# Seeking Input on KTBH Design



## ezrahug (May 30, 2010)

I was thinking about how to improve the KTBH design so I built 3 small ones out of poplar measuring 19" x 19" by 10" tall with a 1" left entrance in each. Made the base 19" x 19" x 3/4" plywood so that they can be stacked and drilled six 1" holes so that bees can move up and down. Basically built 3 KTBH supers. Top bars are 1 1/4" for brood and 1 1/2" for honey with 3/8" spacers on just the ends (not running the length of the 19" bars) so that there's bee space for the ladies to move up between bars. My thinking is that the hive will be more modular (a la lang and warre) but will allow for better air movement and overwintering.
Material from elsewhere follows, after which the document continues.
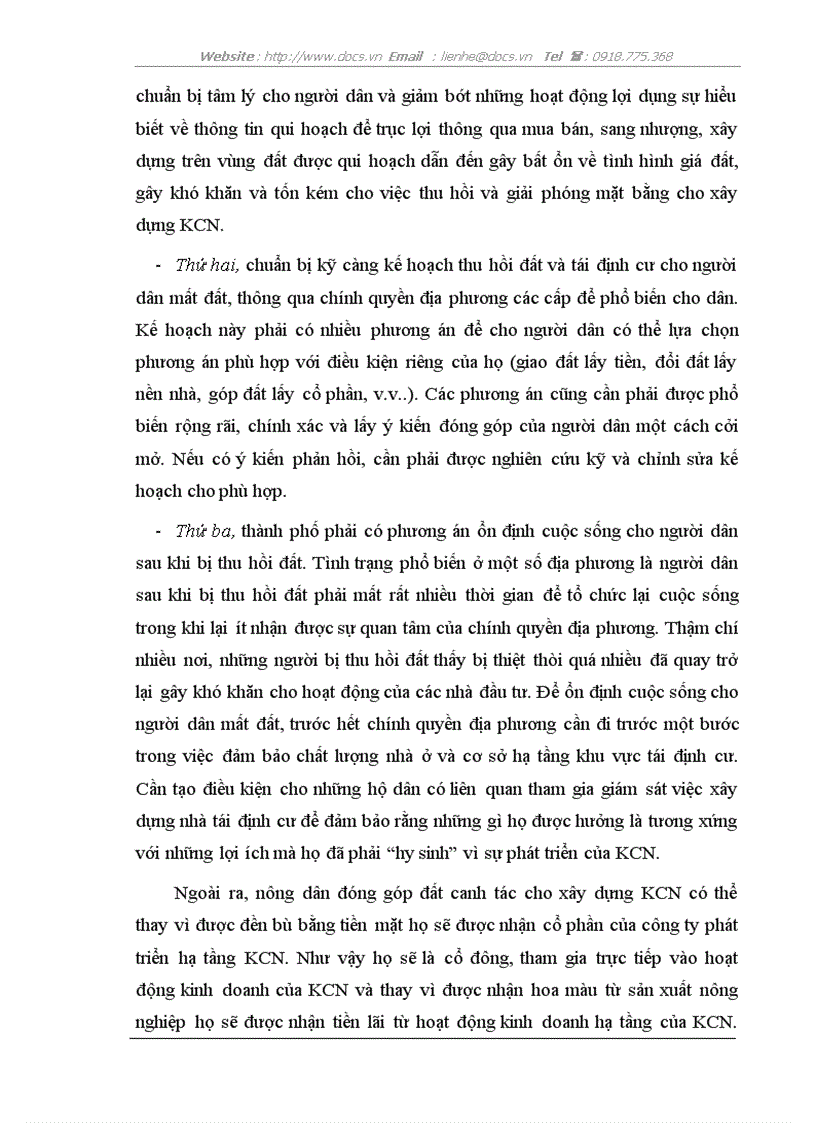 image for page Một số giải pháp phát triển các KCNTT trên địa bàn Hà Nội theo hướng bền vững về kinh tế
Wanted to get more seasoned beeks' opinions before i build refine the design and build more (for hiving next year). Am i missing something obvious?


----------



## Michael Bush (Aug 2, 2002)

I would not go less than 48" long as a top bar hive is almost always too small to easily do swarm managment if you go smaller but it's difficult to get them to expand much over that unless it's a real bumper crop year. I would not go wider than 20" as it's hard to keep them on the bars if you get much wider. I would not go much less than 15" wide as it will be too small again. I would not go any deeper than about 10" unless you have a slope (which a KTBH should) because the combs collapse too easily. With a slope you might get by with a bit more than 10" but I think about 10" is fine. More than 12" is probably not necessary and may be counterproductive as the cluster in the winter may not clean up the honey as it goes.


----------



## ezrahug (May 30, 2010)

Thanks, Michael. What about the whole idea of using 19" x 19" KTBH "supers" stacked like a lang/warre? when they fill up most of the first box then i'd add a second and a third. Holes in the bottom board will allow passage tween the "supers". I love the simplicity of the ktbh design (easy and quick to build) and the fact that it's shape is half of a honeycomb cell. Also seems like going vertical will facilitate air movement better than horizontal. Am i over thinking this?


----------



## Michael Bush (Aug 2, 2002)

I don't understand how you will stack slope sided boxes nor how the bees will move vertically with top bars blocking their path... but assuming 7/8" wide bars with 
3/8" gaps and straight sides, it could work. But then I'd just buy eight frame Langstroth boxes and put those top bars in them and stack them up... but then foundationless would get you most of that and have better support...


----------



## ezrahug (May 30, 2010)

Yep, you're right. boxes would be easier and probably cheaper (I spend $100 every time i go to home depot :0). No need to reinvent the wheel. I'll send a picture later of the design i was talking about. Basically i attached a 19" x 19" ply bottom board for stacking support and, yes, the bars have 3/8" gap tween.

thanks again,


----------